[SOURCE INFORMATION Boundary: Start]

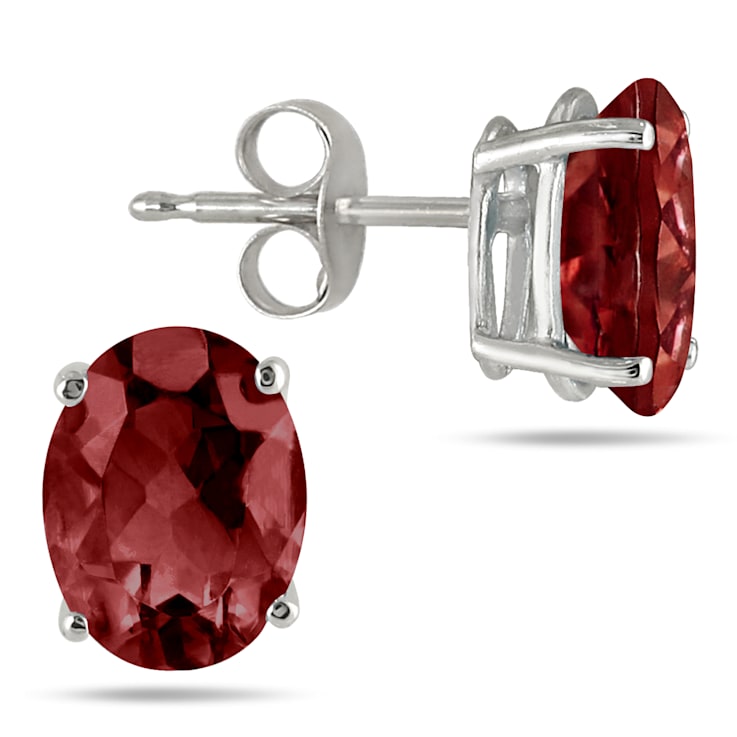 5x3MM All Natural Oval Garnet Stud Earrings in .925 Sterling Silver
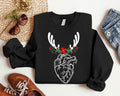 Floral Heart Anatomy Sweatshirt, Nurse Christmas Hoodie, Reindeer Human Heart Sweater, CVICU Cardiac Nurse Xmas Gift,...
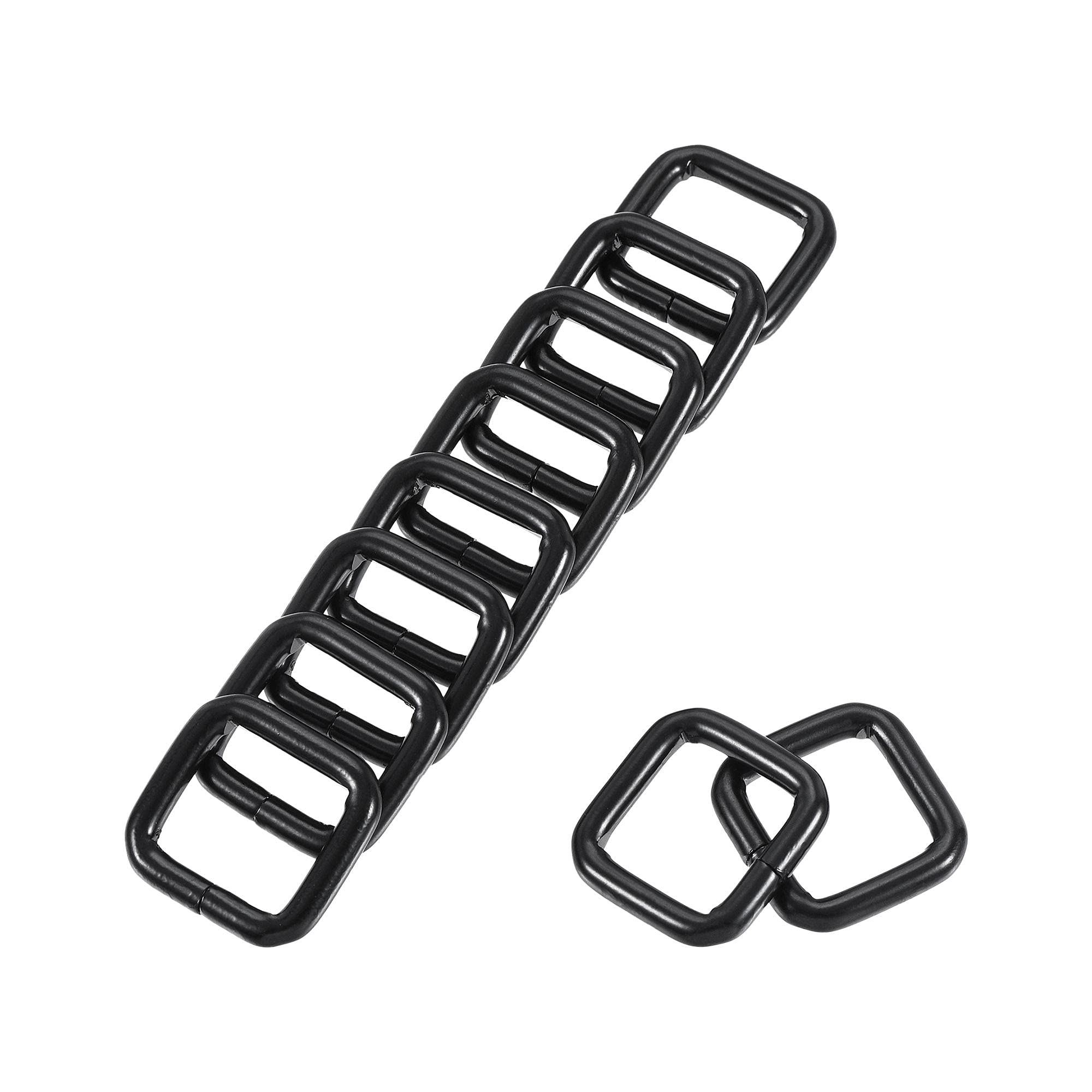 uxcell 16x16mm Metal Rectangle Ring Buckles - 20pcs Black Hardware for DIY Bags, Belts & Crafts | Perfect for Leatherworking, Backpack Straps & Fashion Accessories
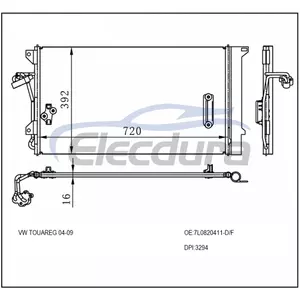7L0820411D Volkswagen Touareg 2004-2009 Συμπυκνωτής A/C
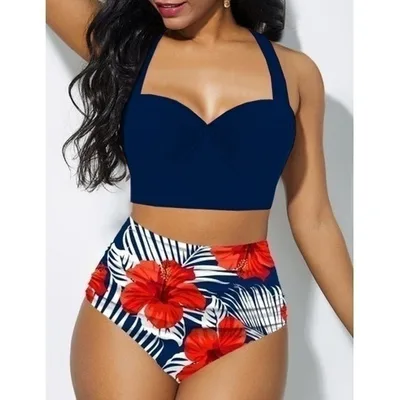Sunflower print bikini set Blue - Shop at LoveMi
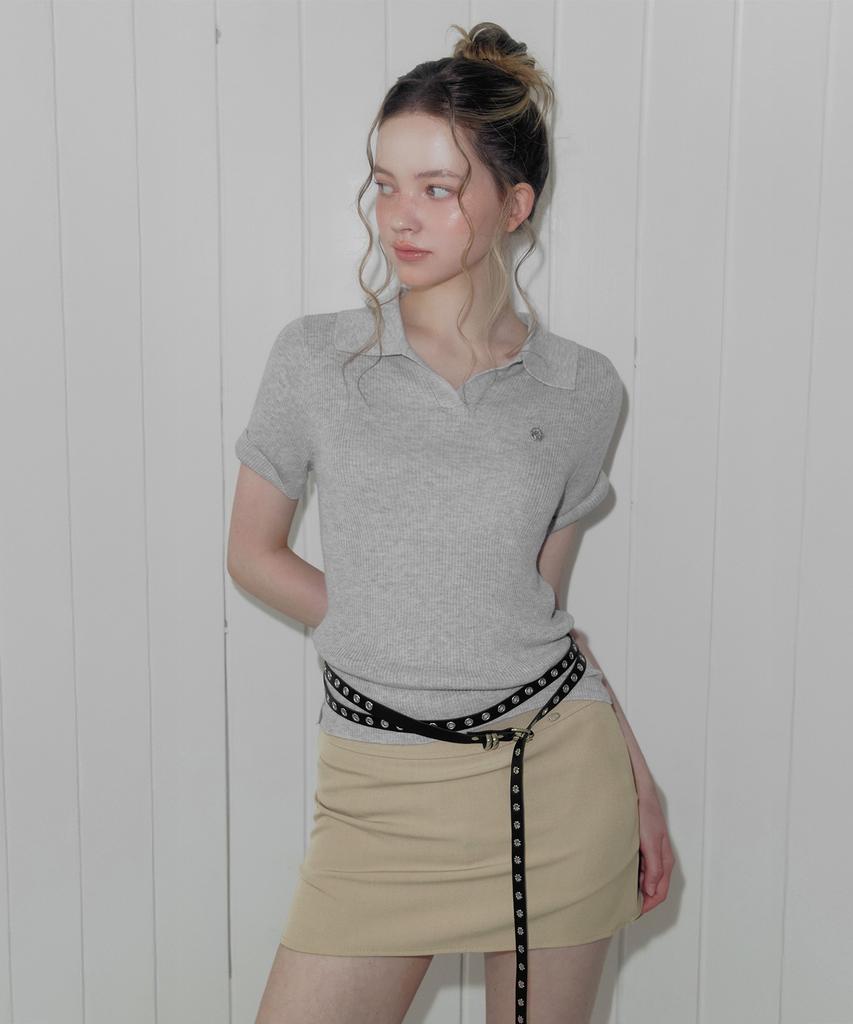 Teuwi Lildin Open Collar Short Sleeve Knit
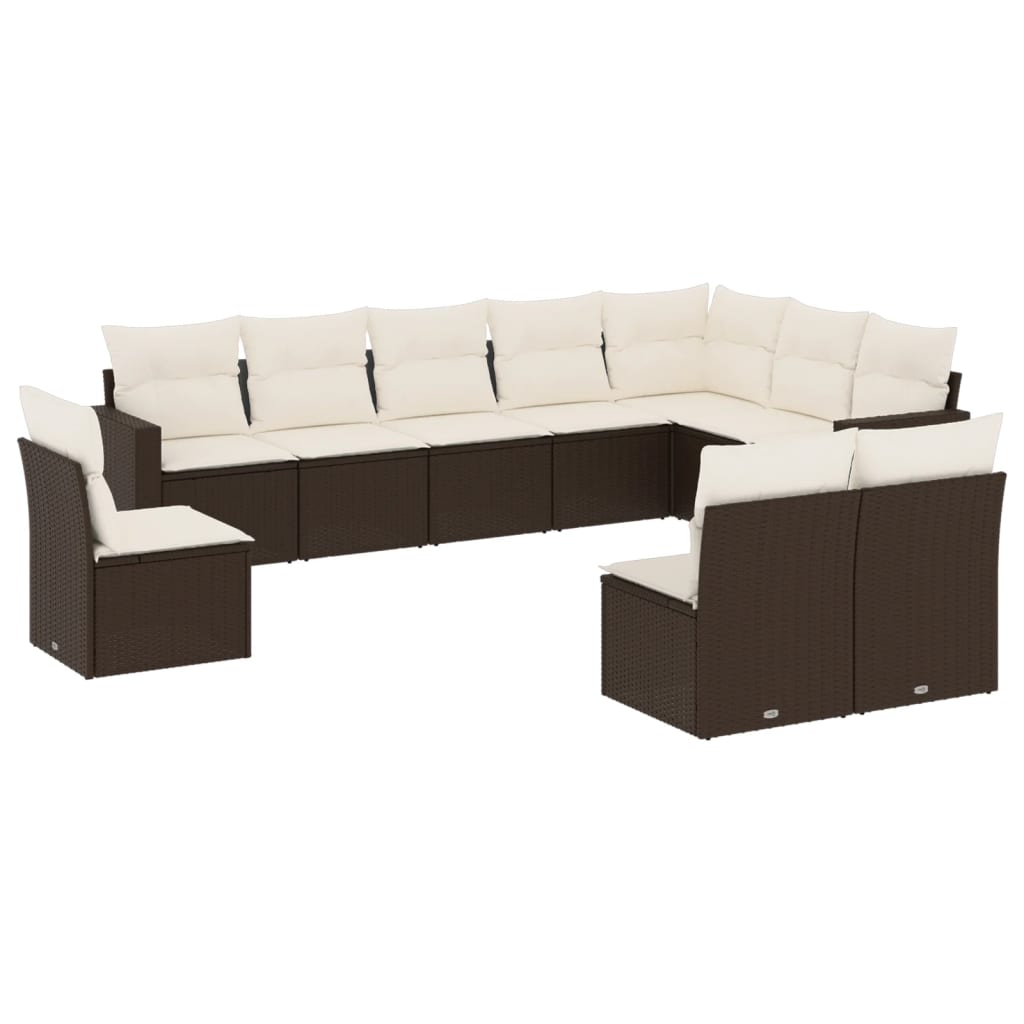 10-delige Loungeset met kussens poly rattan bruin is nu te koop bij PeponiXL, paradijselijk wonen!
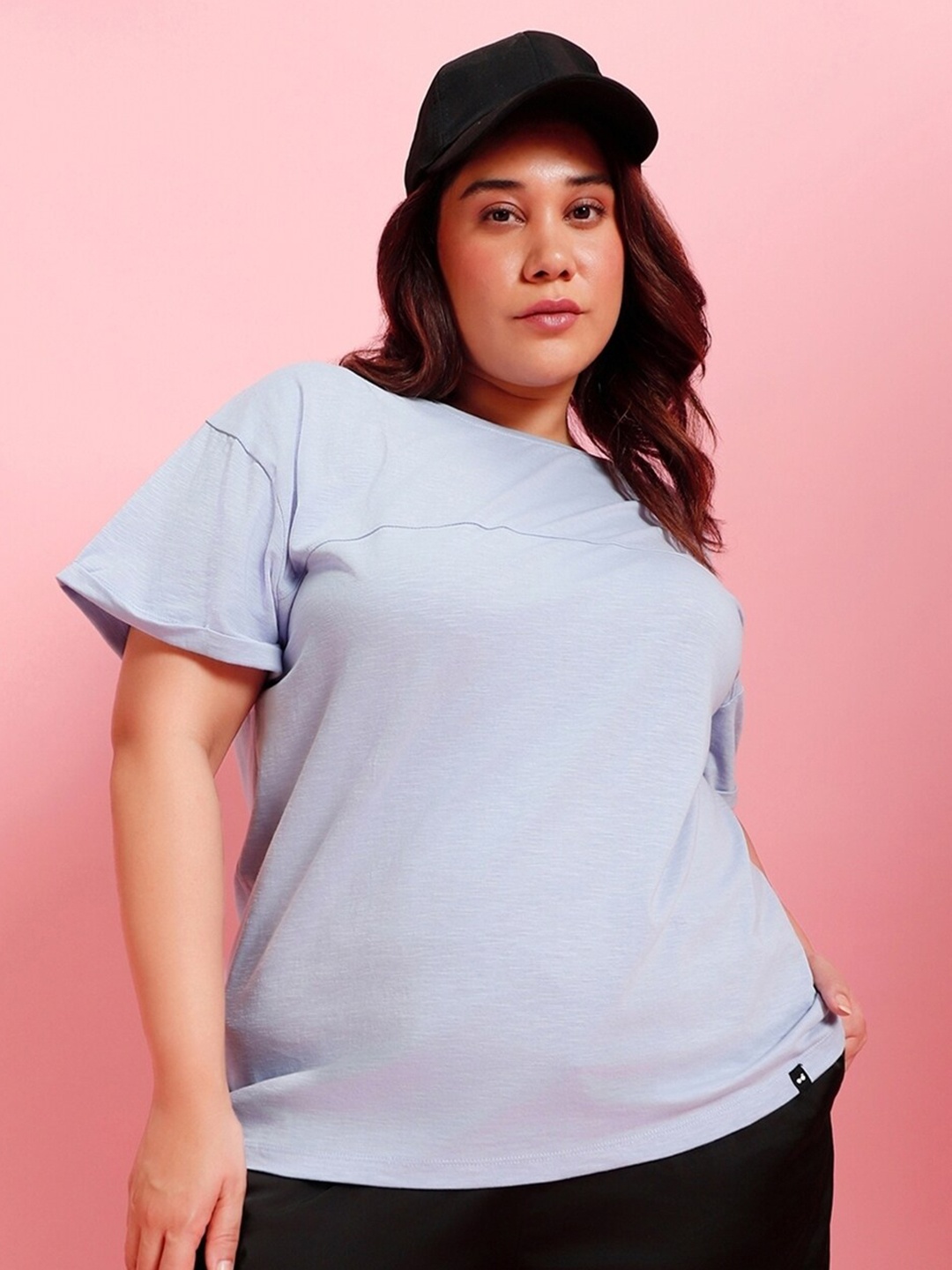 

Bewakoof AIR Plus Size Drop-Shoulder Sleeves Cotton T-shirt, Blue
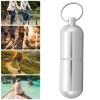 Silver Aluminum Keychain Pill Box for Macala Hydration Capsules and Vitamin E Tablets view 3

[SOURCE INFORMATION Boundary: End]

YOUR OBJECTIVE:
Copy out all of the data word for word. Do not carry over any picture.

ANSWER TO THIS TASK:
 5x3MM All Natural Oval Garnet Stud Earrings in .925 Sterling Silver
 Floral Heart Anatomy Sweatshirt, Nurse Christmas Hoodie, Reindeer Human Heart Sweater, CVICU Cardiac Nurse Xmas Gift,...
 uxcell 16x16mm Metal Rectangle Ring Buckles - 20pcs Black Hardware for DIY Bags, Belts & Crafts | Perfect for Leatherworking, Backpack Straps & Fashion Accessories
7L0820411D Volkswagen Touareg 2004-2009 Συμπυκνωτής A/C
Sunflower print bikini set Blue - Shop at LoveMi
 Teuwi Lildin Open Collar Short Sleeve Knit
 10-delige Loungeset met kussens poly rattan bruin is nu te koop bij PeponiXL, paradijselijk wonen!

Bewakoof AIR Plus Size Drop-Shoulder Sleeves Cotton T-shirt, Blue
 Silver Aluminum Keychain Pill Box for Macala Hydration Capsules and Vitamin E Tablets view 3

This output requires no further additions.